• Problem description:
After locating the line that contains "a aerial view", output that line and each one following it, exactly, to the end of the entries. No pictures.

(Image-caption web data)
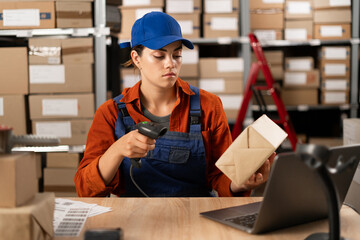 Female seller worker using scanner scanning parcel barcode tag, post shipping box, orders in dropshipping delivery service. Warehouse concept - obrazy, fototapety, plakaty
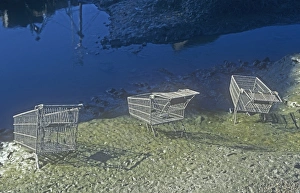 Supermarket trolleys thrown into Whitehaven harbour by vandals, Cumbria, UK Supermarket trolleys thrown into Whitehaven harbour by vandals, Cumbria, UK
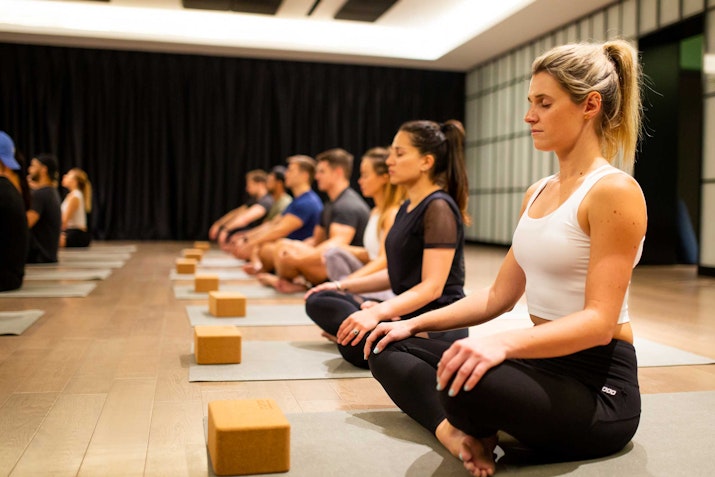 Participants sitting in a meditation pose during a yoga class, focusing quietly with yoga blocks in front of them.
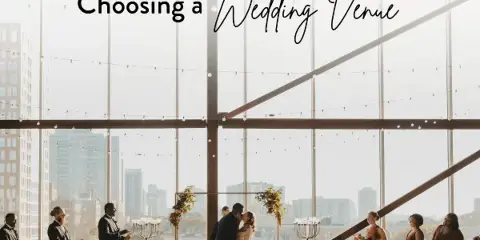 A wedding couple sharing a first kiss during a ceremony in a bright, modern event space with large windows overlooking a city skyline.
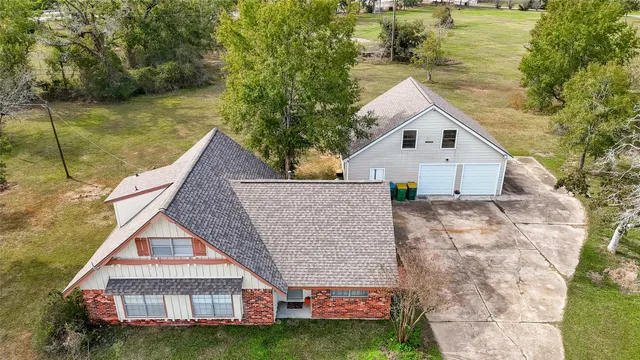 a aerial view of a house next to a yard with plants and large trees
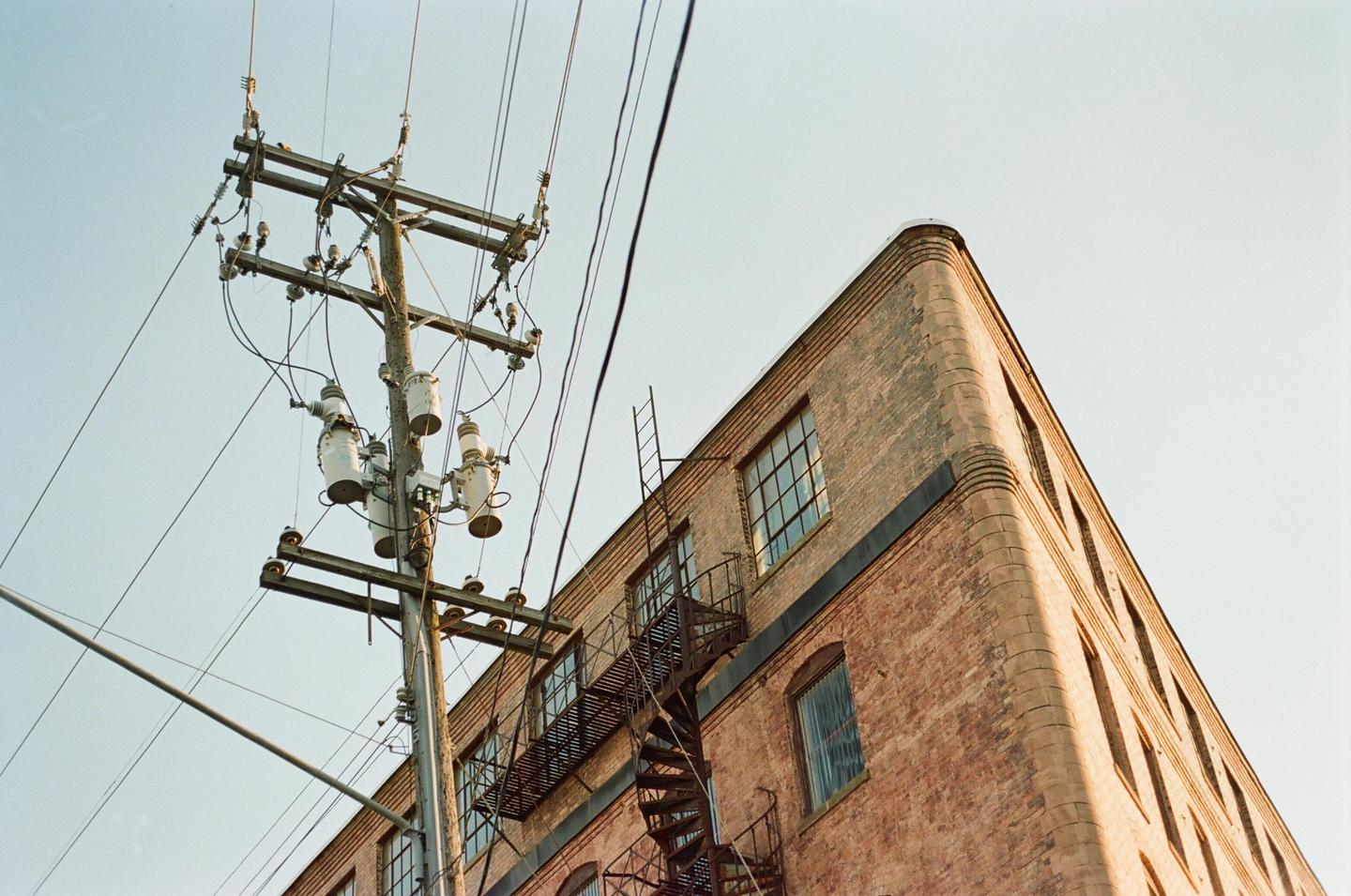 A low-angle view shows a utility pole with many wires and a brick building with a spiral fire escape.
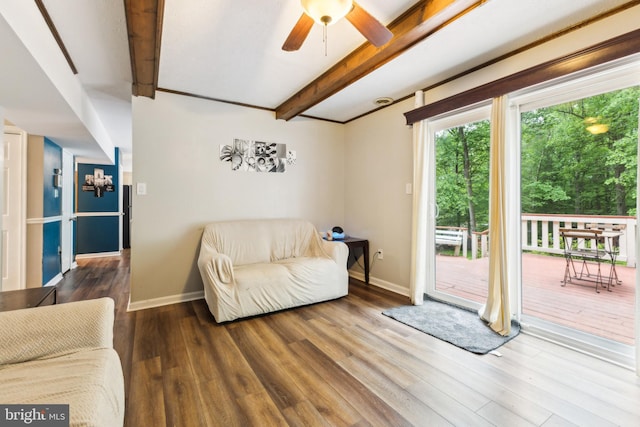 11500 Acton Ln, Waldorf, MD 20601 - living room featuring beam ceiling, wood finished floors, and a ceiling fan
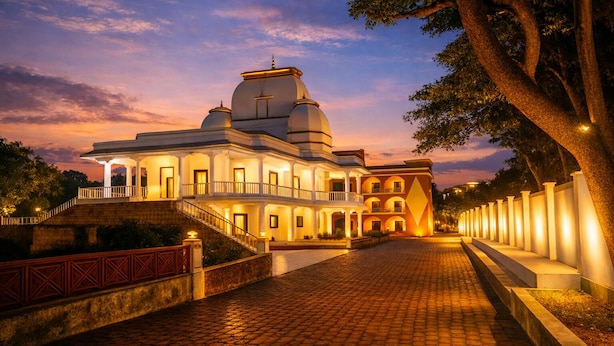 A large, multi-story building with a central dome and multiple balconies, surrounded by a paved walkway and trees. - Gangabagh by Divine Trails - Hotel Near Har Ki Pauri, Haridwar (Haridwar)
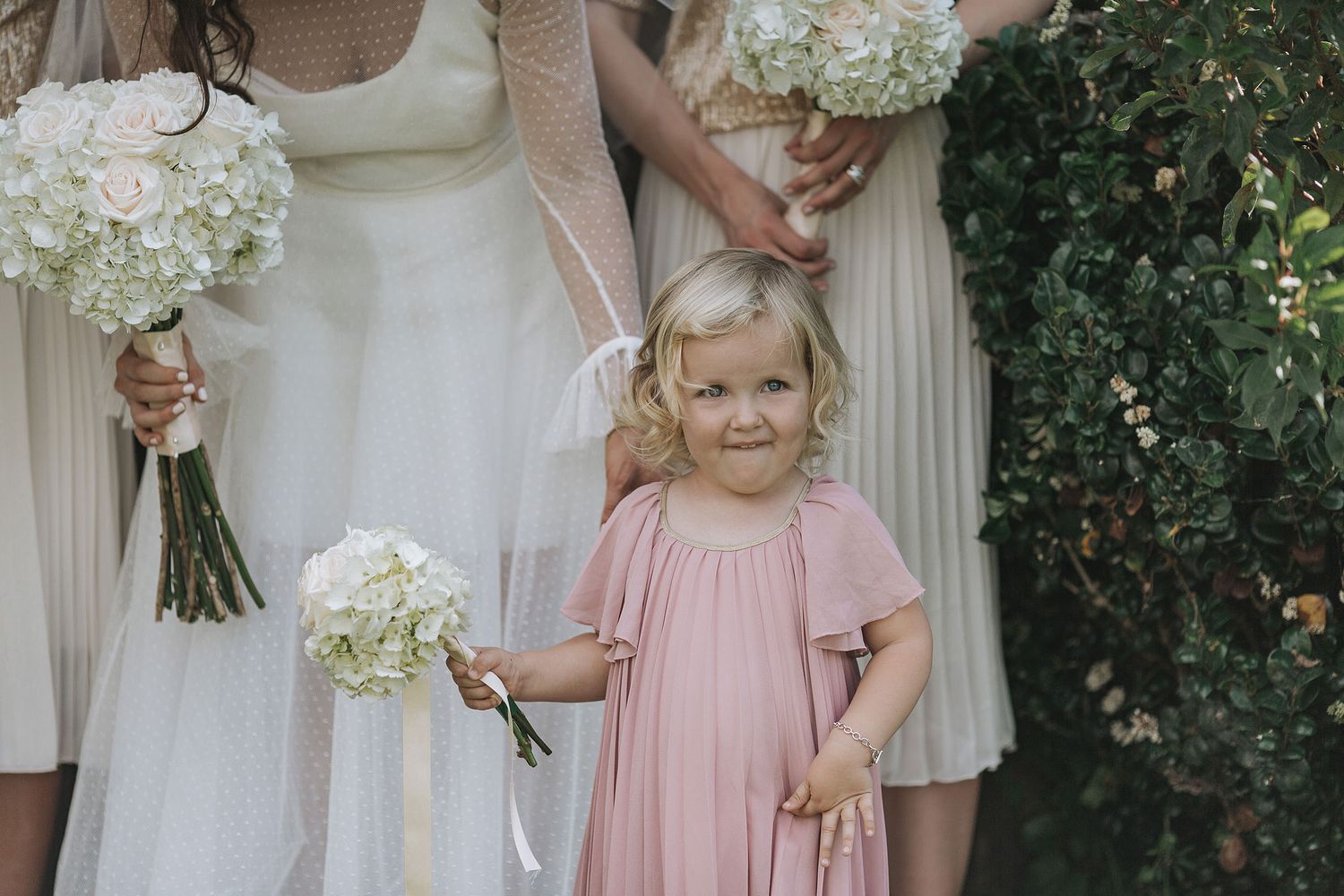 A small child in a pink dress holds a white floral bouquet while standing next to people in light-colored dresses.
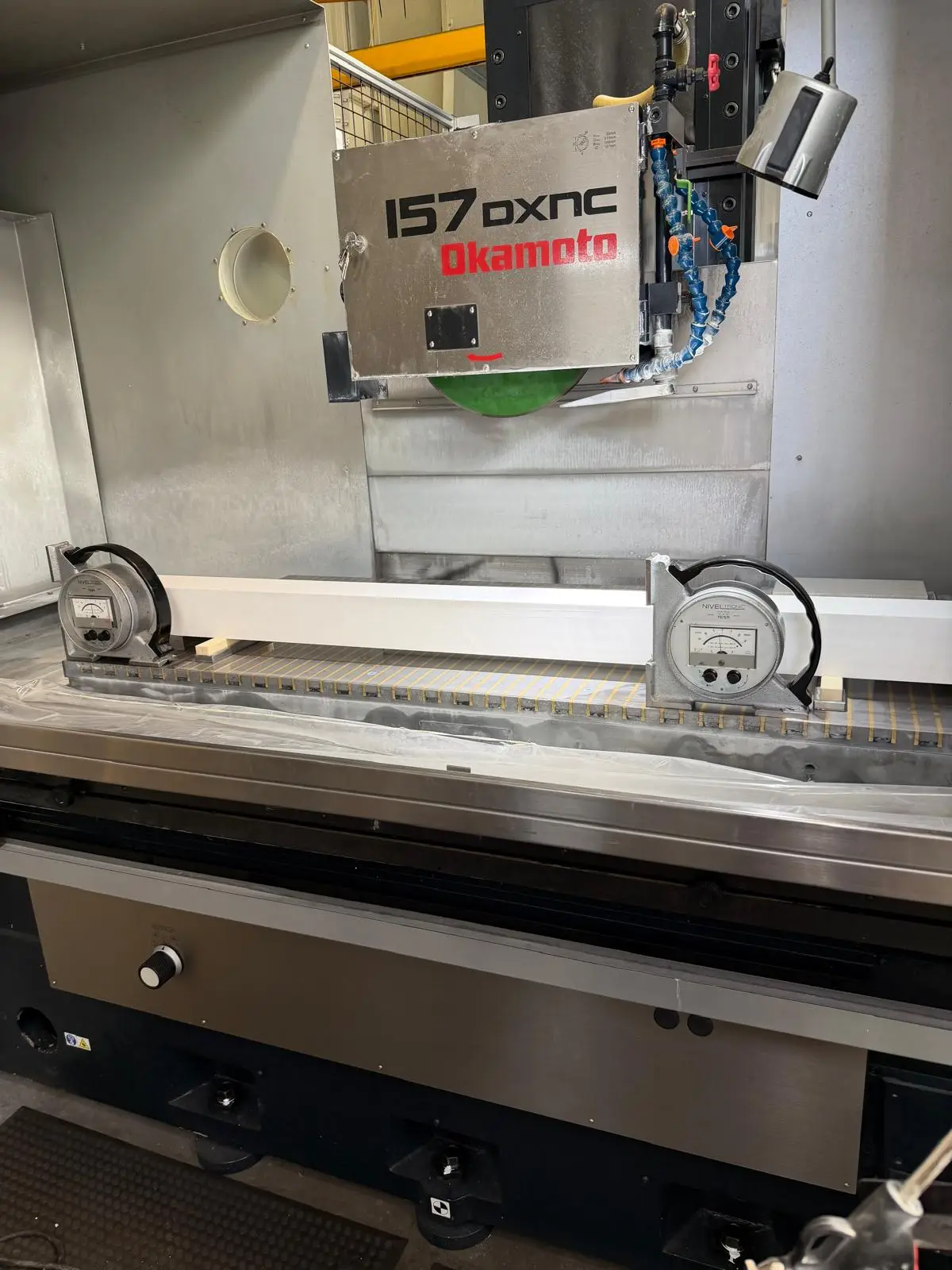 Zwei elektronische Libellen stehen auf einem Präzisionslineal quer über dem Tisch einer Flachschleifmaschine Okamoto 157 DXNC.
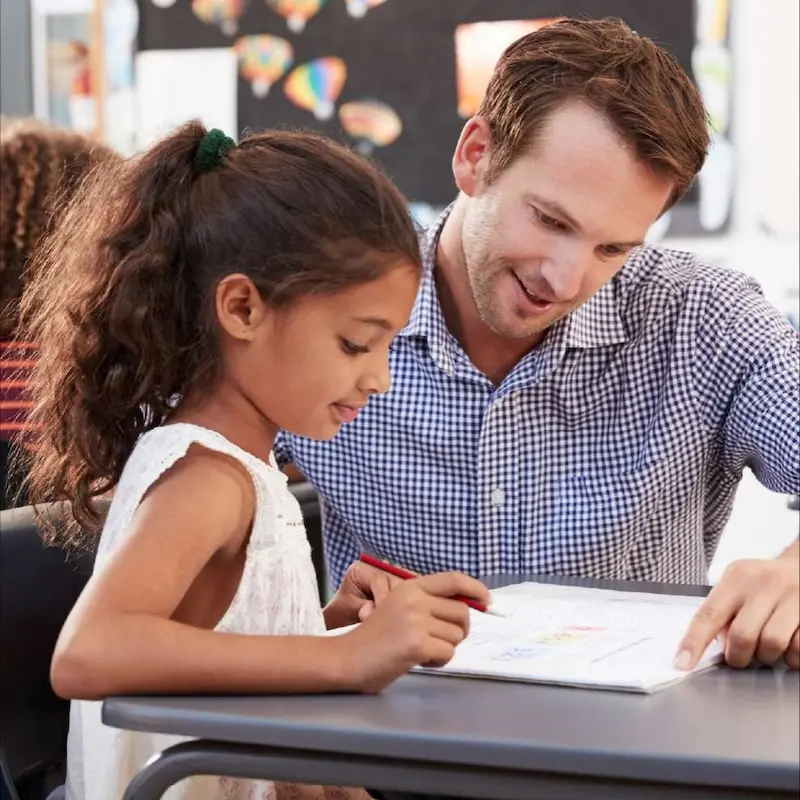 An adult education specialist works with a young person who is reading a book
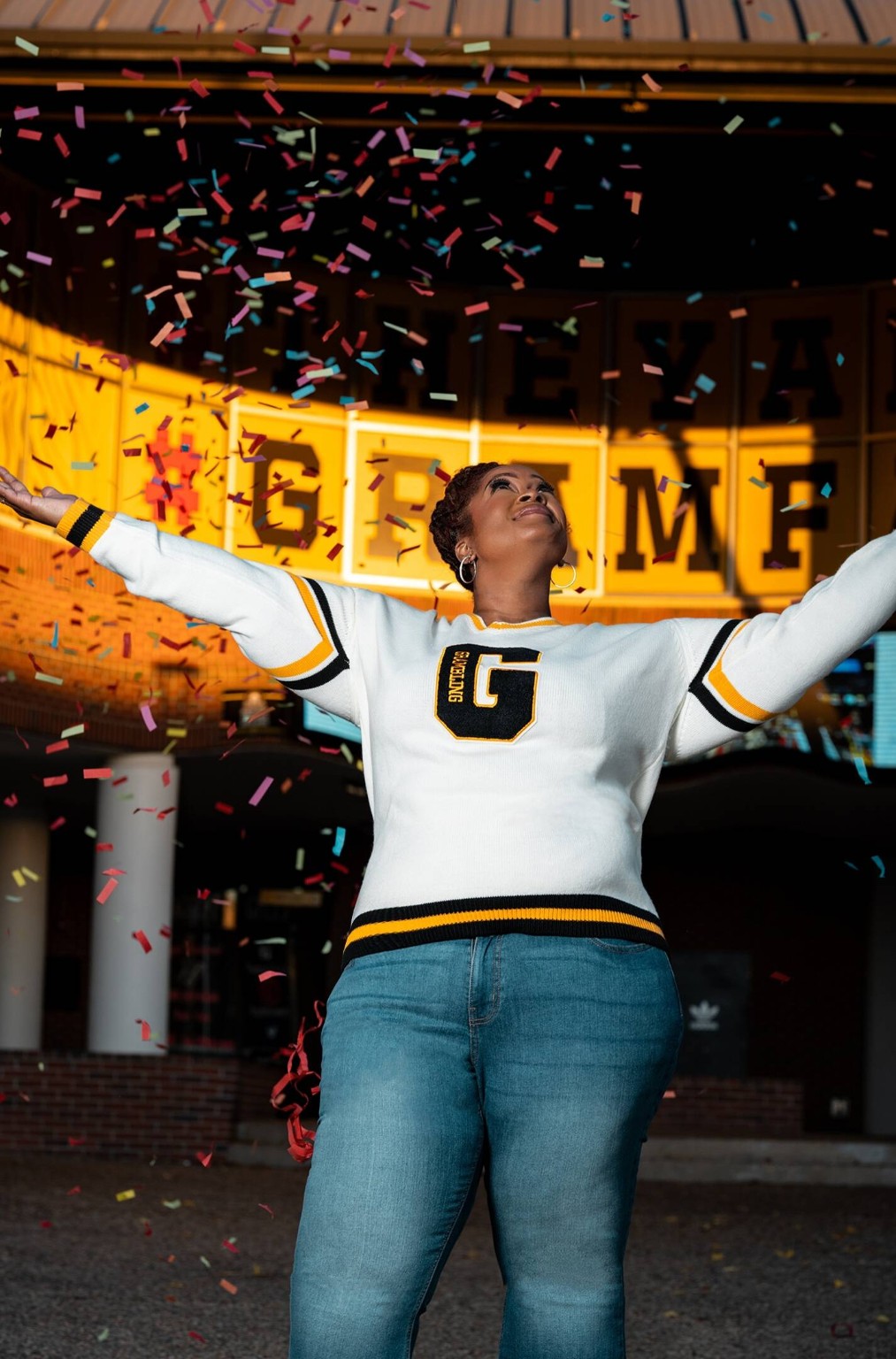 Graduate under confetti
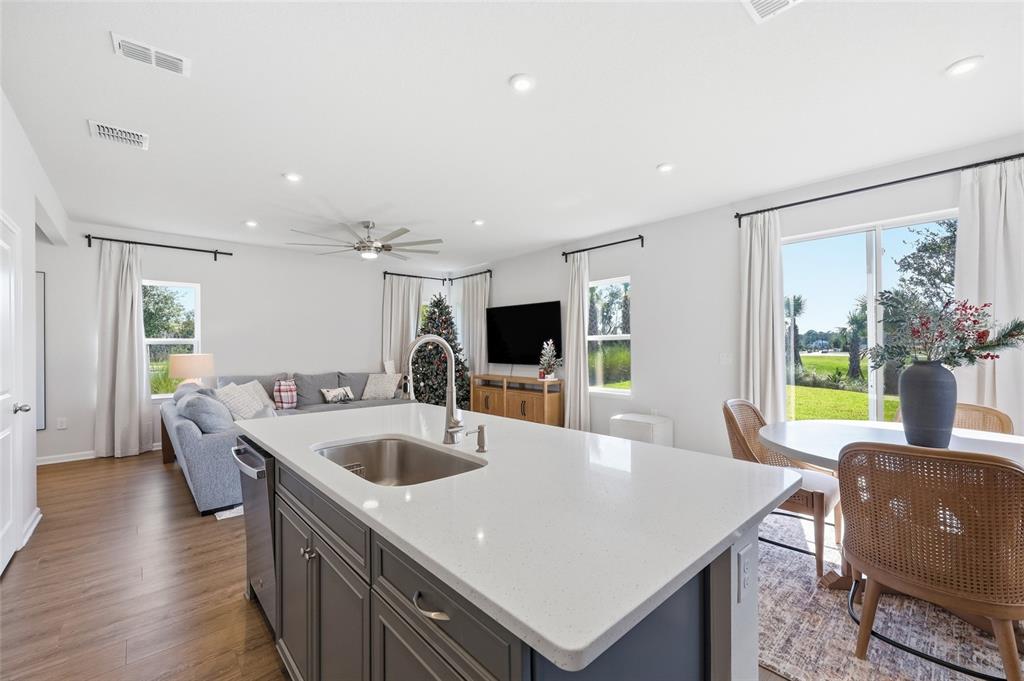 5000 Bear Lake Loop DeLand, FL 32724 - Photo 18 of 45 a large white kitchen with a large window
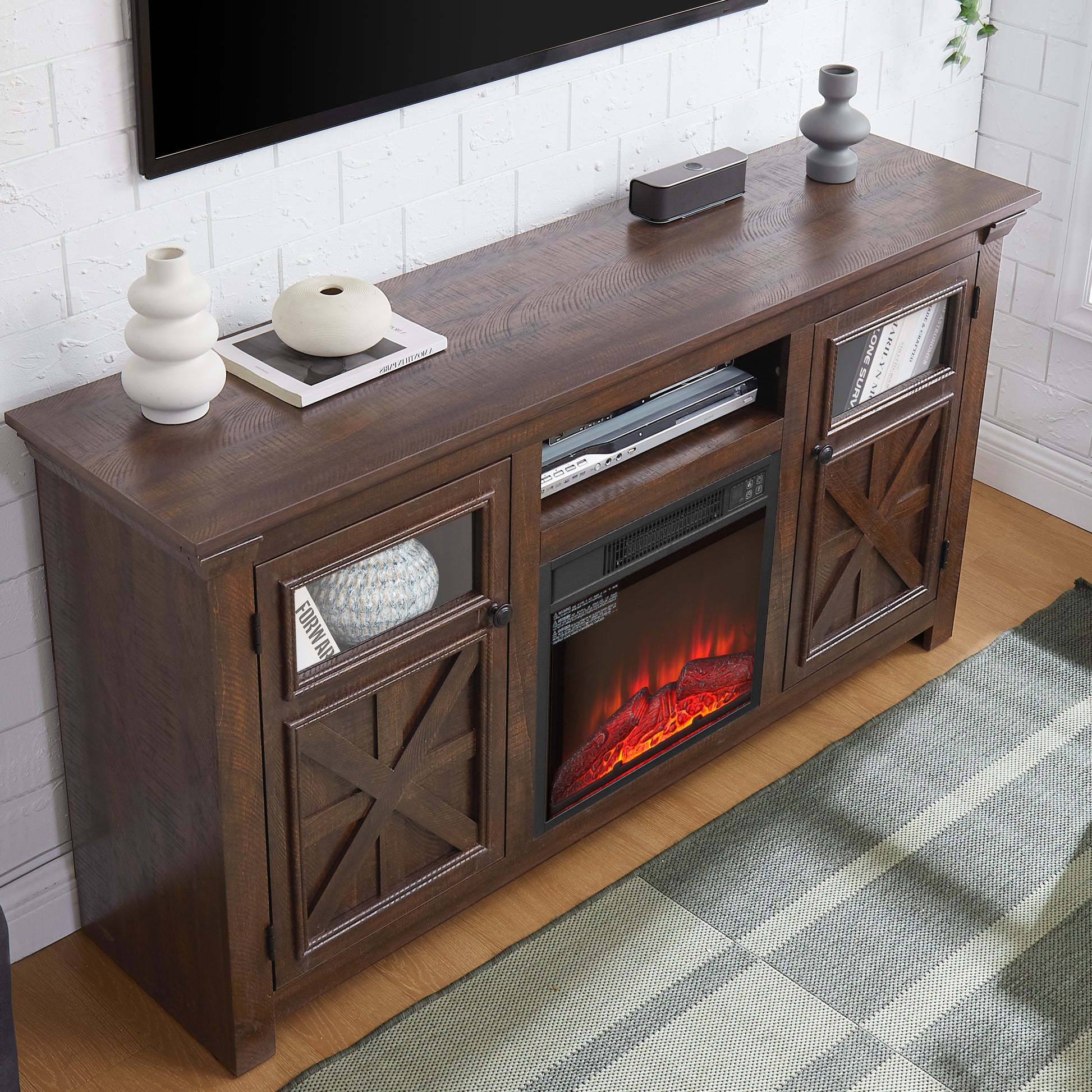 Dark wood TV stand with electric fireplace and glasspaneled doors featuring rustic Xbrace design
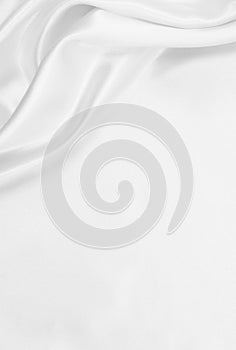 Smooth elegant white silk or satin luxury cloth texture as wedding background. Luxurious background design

• Written answer:
 a aerial view of a house next to a yard with plants and large trees
 A low-angle view shows a utility pole with many wires and a brick building with a spiral fire escape.
 11500 Acton Ln, Waldorf, MD 20601 - living room featuring beam ceiling, wood finished floors, and a ceiling fan
 A large, multi-story building with a central dome and multiple balconies, surrounded by a paved walkway and trees. - Gangabagh by Divine Trails - Hotel Near Har Ki Pauri, Haridwar (Haridwar)
 A small child in a pink dress holds a white floral bouquet while standing next to people in light-colored dresses.
 Zwei elektronische Libellen stehen auf einem Präzisionslineal quer über dem Tisch einer Flachschleifmaschine Okamoto 157 DXNC.
 An adult education specialist works with a young person who is reading a book
 Graduate under confetti
 5000 Bear Lake Loop DeLand, FL 32724 - Photo 18 of 45 a large white kitchen with a large window
 Dark wood TV stand with electric fireplace and glasspaneled doors featuring rustic Xbrace design
 Smooth elegant white silk or satin luxury cloth texture as wedding background. Luxurious background design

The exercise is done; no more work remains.